2. Backup the data on the ES3000 if requires. Ignore the step if no need to save the data.
3. Execute the command to delete the data on SSD:
hio_cleardata -d /dev/hioa
4. Execute hio_clear command to clear the log information as below steps:
1) cd /usr/local/hio
2) tar -xvf toolsd
3) /usr/local/hio /hio_clear -d /dev/hioa -il
// Please notice that is half-angle of “-” in step3,4. The parameters of log deletion is lower-case letter i and l.
Result after clearing:
5. After reboot the system, check the status by command of hio_info. If it shows OK that means recover successfully.

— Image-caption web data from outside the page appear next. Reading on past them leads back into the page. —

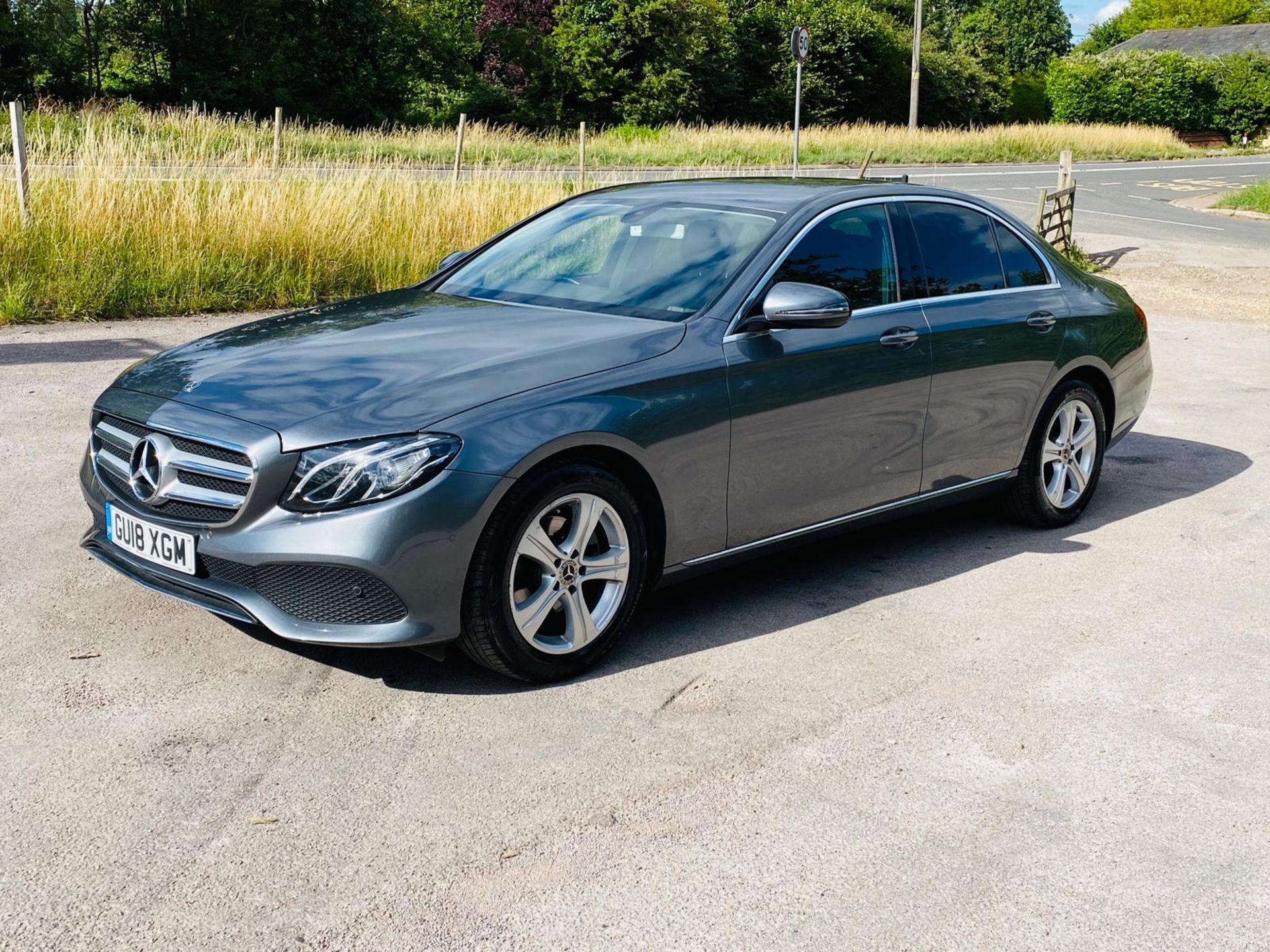 (RESERVE MET) Mercedes E220d Special Equipment 9G Tronic - 2018 18 Reg - Sat Nav - Reversing Cam - Image 5 of 45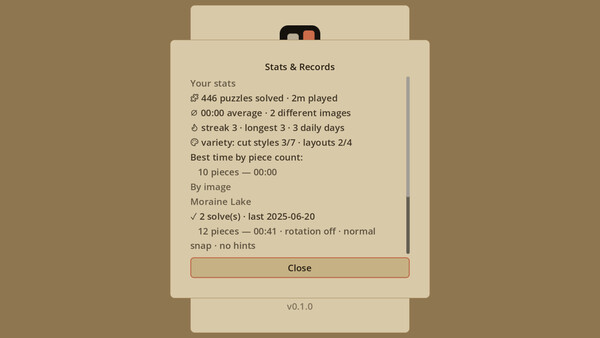 Tessera screenshot 8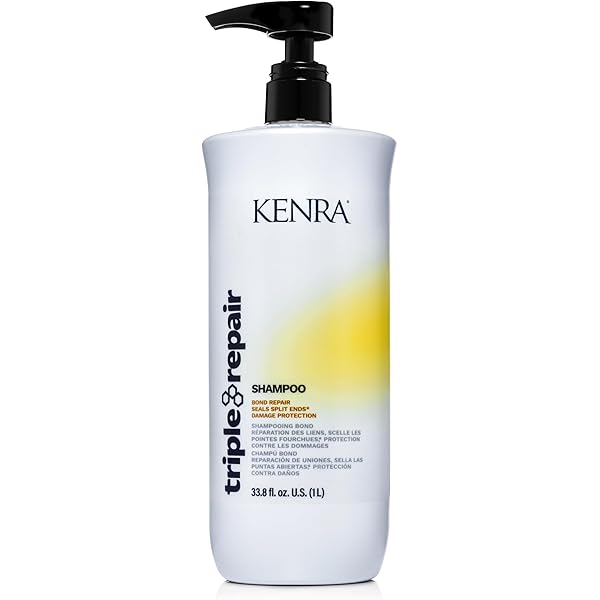 トリートメント kenjeep Amazon.com: Kenra Triple Repair Shampoo/Conditioner Set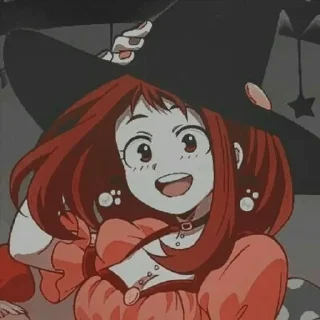 🔲 emoji Anime Halloween @xvieravelyn — @stckrRobot Telegram sticker 8 of 40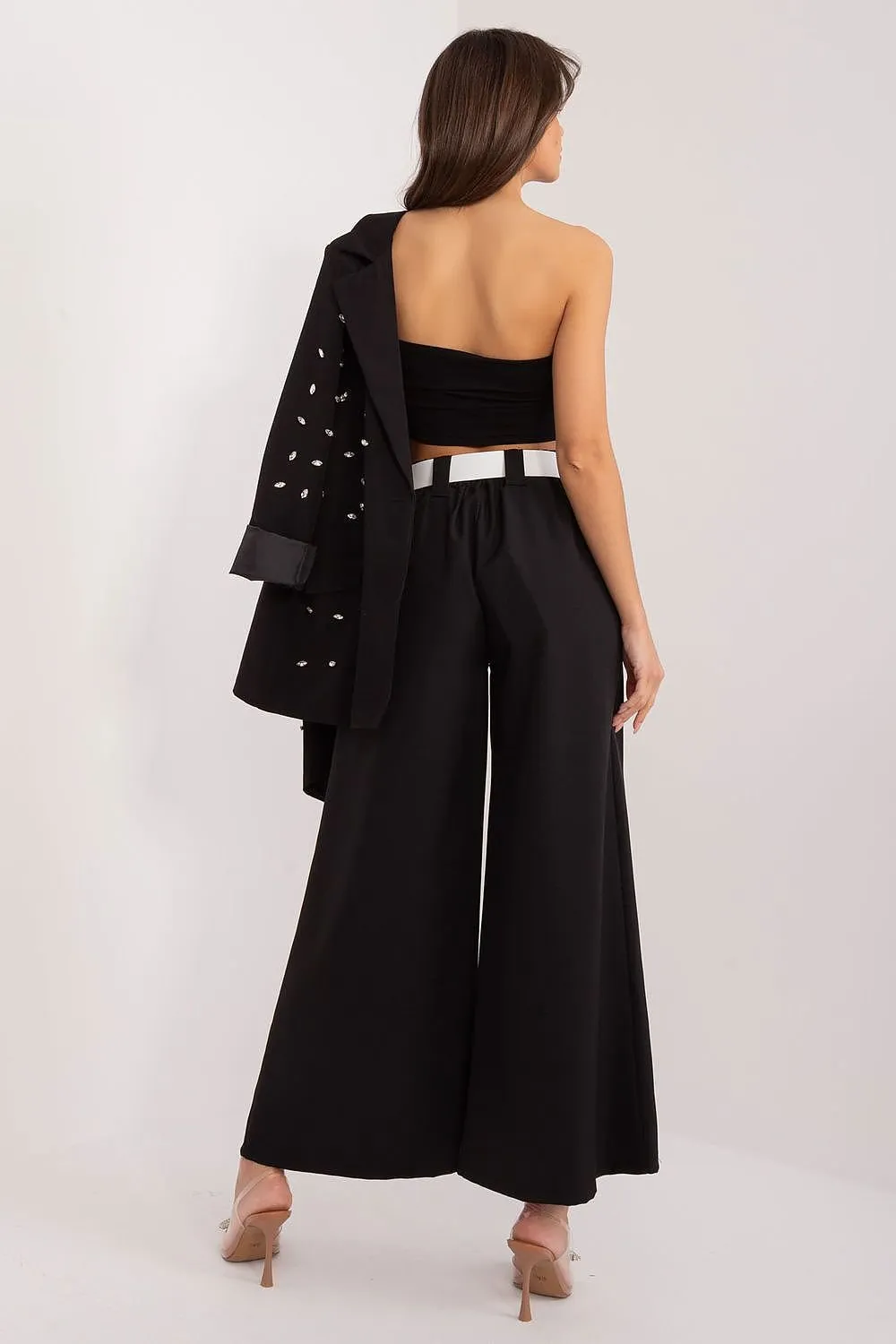Women's high waist palazzo pants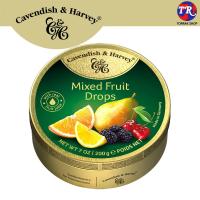 ราคา Cavendish Harvey ลูกอมผลไม้ รสผลไม้รวม รสมิกซ์ฟลุ๊ต Mixed Fruit Drops สินค้านำเข้า (12052361176)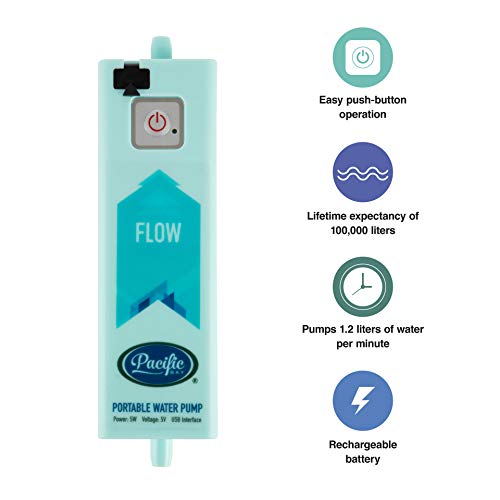 Portable Water Pump for Camping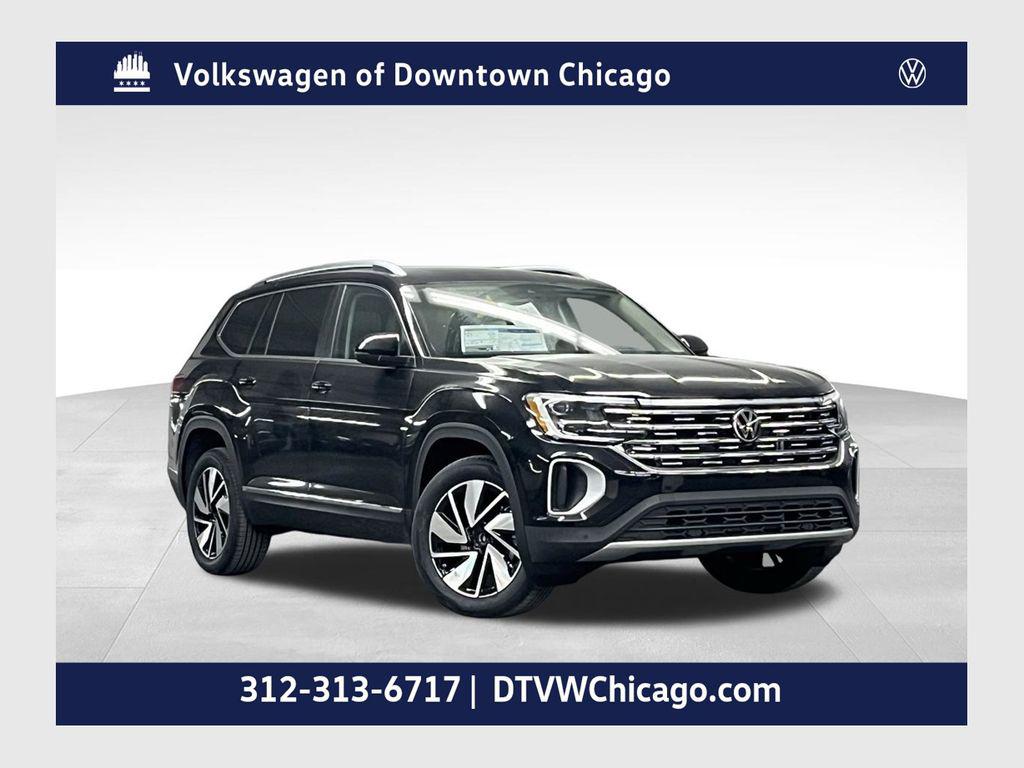 New 2026 Volkswagen Atlas 2.0T SEL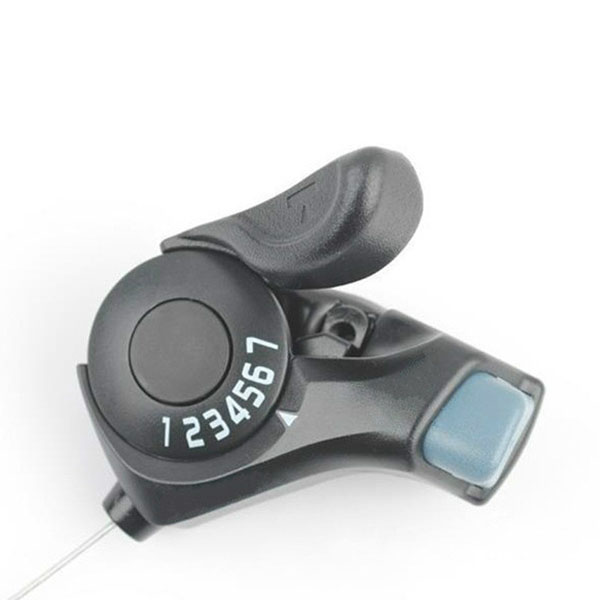 1 Pair Cycling Mountain Bike 6.7/21 Speed Transmission Trigger Shifter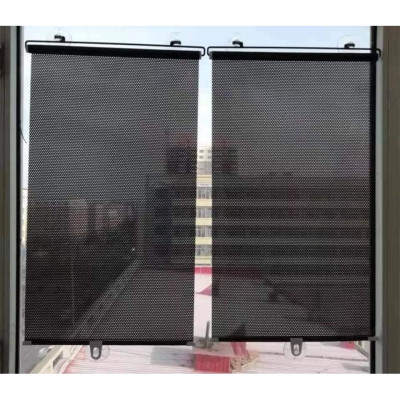Rèm Che Nắng Ô Tô Rèm Che Nắng Cửa Sổ Rèm Cuốn Chống Nắng Kích Thước 58x125 cm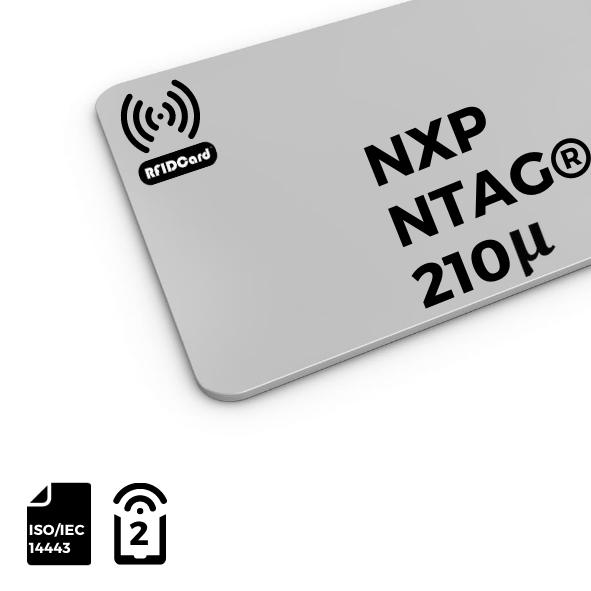 NFC Card NXP Ntag 210μ NFC Card NXP Ntag 210μ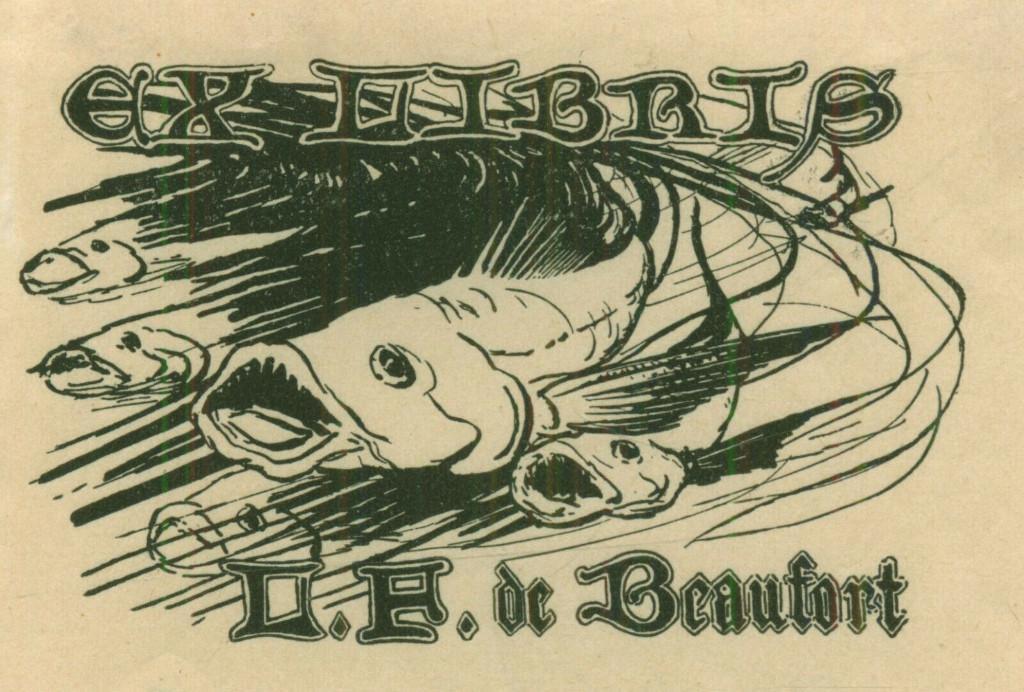 3245 Ex Libris Nederland : Joan Francois Obbes, 1915, Antiek en Kunst, Kunst | Etsen en Gravures, Verzenden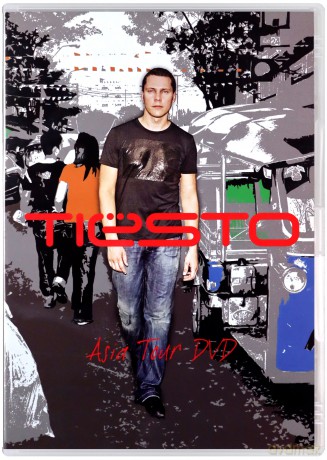 Tiesto: Asia Tour (PL) [DVD]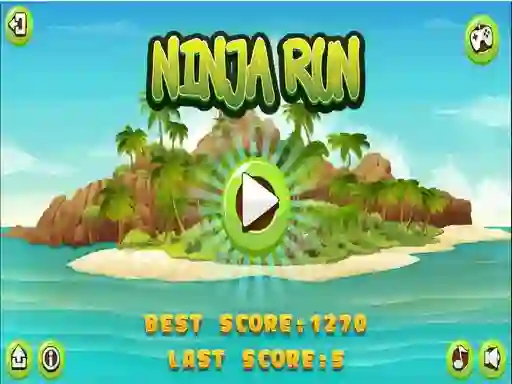 游戏Ninja Run在线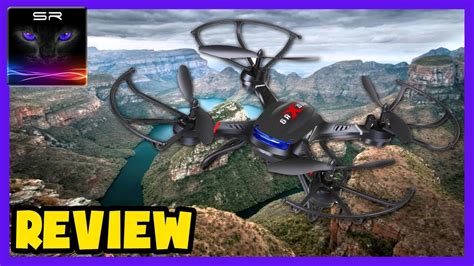 holy stone fw quadcopter drone p fpv cam review youtube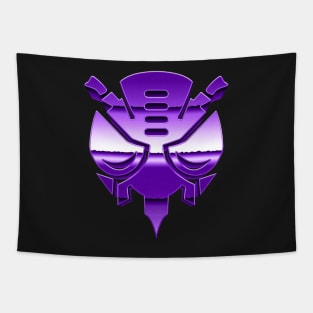 Predacons Classic Beast Wars 3D Metal Insignia Tapestry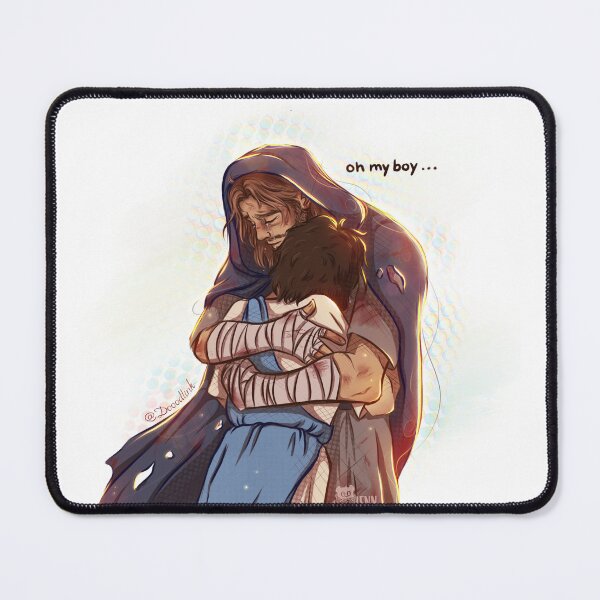 Item preview, Oh my boy print designed and sold by DoodlingLenn.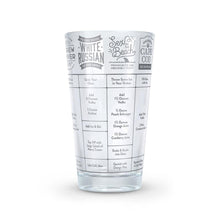 Load image into Gallery viewer, Good Measure Recipes Glasses Collection - 16 oz
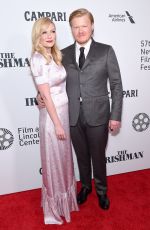 KIRSTEN DUNST and Jesse Plemons at The Irishman Screening at 57th New York Film Festival 09/27/2019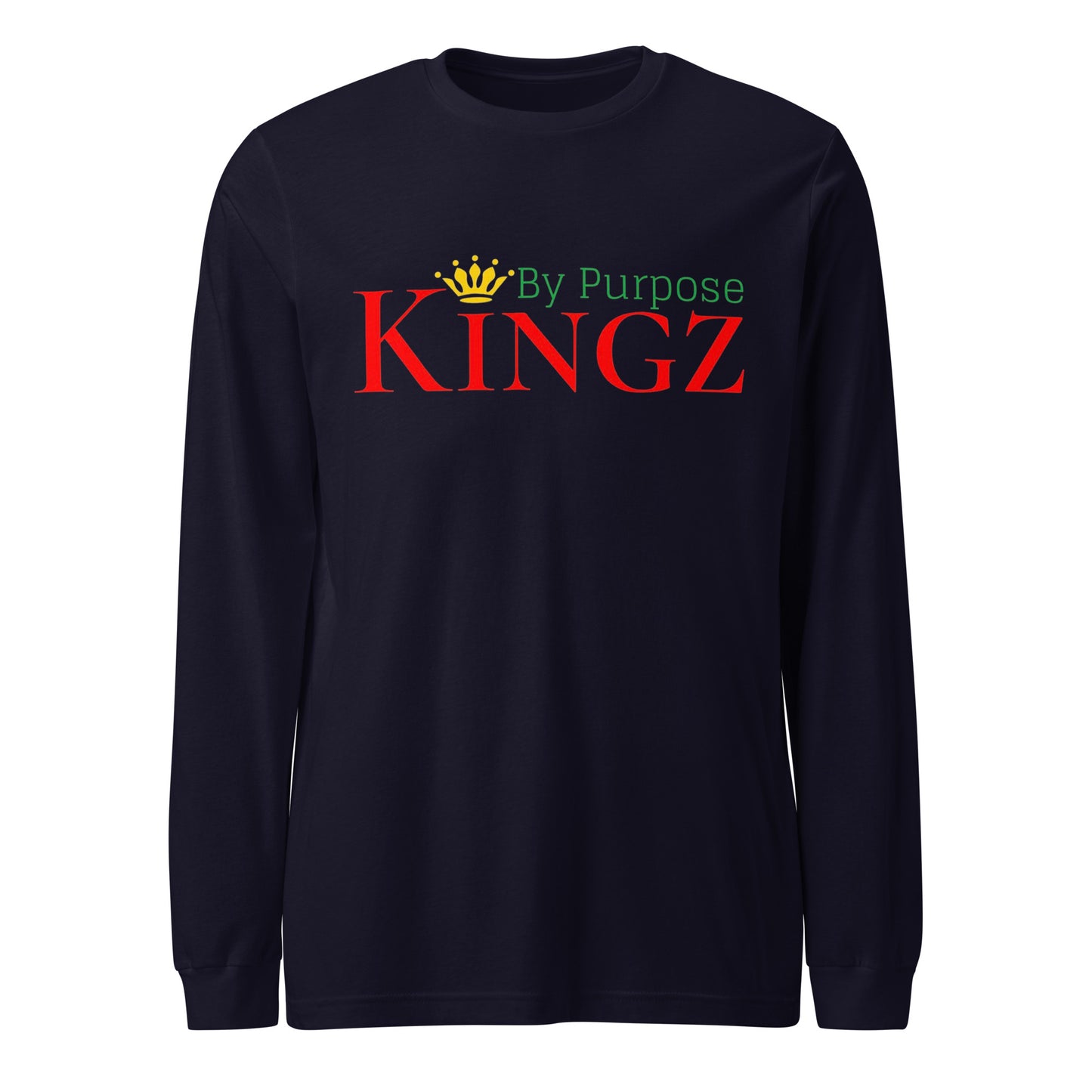 Kingz By Purpose Jah Bless Long Sleeve Tee
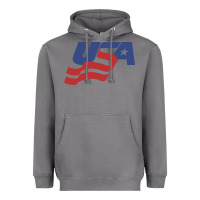 Storm usa hockey simple Heavyweight Hoodie - linhVisuals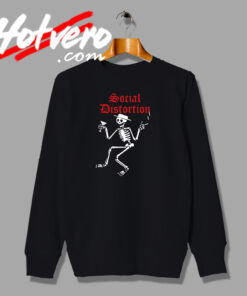 Social Distortion Dancing Sweatshirt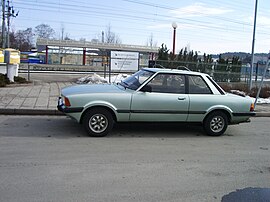 Ford Taunus TC3 1982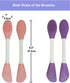 9-in-1 Face Scrubber Face Cleaning Brushes Super Soft Silicone Face Cleanser Brush and Facial Cleansing Massager Brush Face Cleansing Brush Set...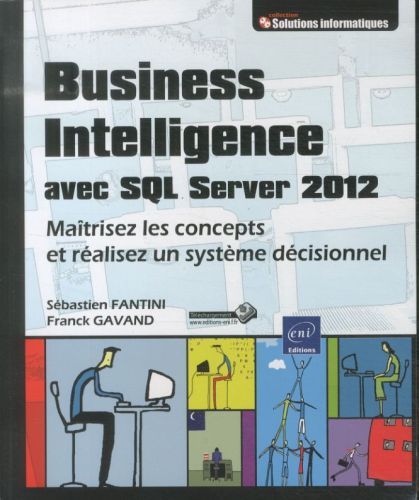 Produktbild: Business Intelligence avec SQL Server 2012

This fault is caused by soft failure of FPGA. It’s a general phenomenon which used to happen to RAM devices in industry.
The causes of soft failure of FPGA are as below:
1. Soft failure is the specific phenomenon of all of the semiconductor devices but especial RAM. And it will cause instant Bit inverting but not permanent damage.
2. FPGA is the structure base on SRAM which is possible to cause soft failure.
3. FPGA soft failure is caused by Bit inverting when the neutron of cosmic ray shocked the bit space of RAM. It will be recovered after reload the configuration.
4. ES3000 is doing SEU inspection to make sure the correctness and consistency of data. It will report immediately once error appears during scanning to all the spaces of FPGA by internal dedicated engine.
5. The probability of failure which is given by vendor is 65Years/Time for one chip. We do statistics for all the SEU have been delivered and current is within the target for FPGA.
Reboot the server and delete the ES log information.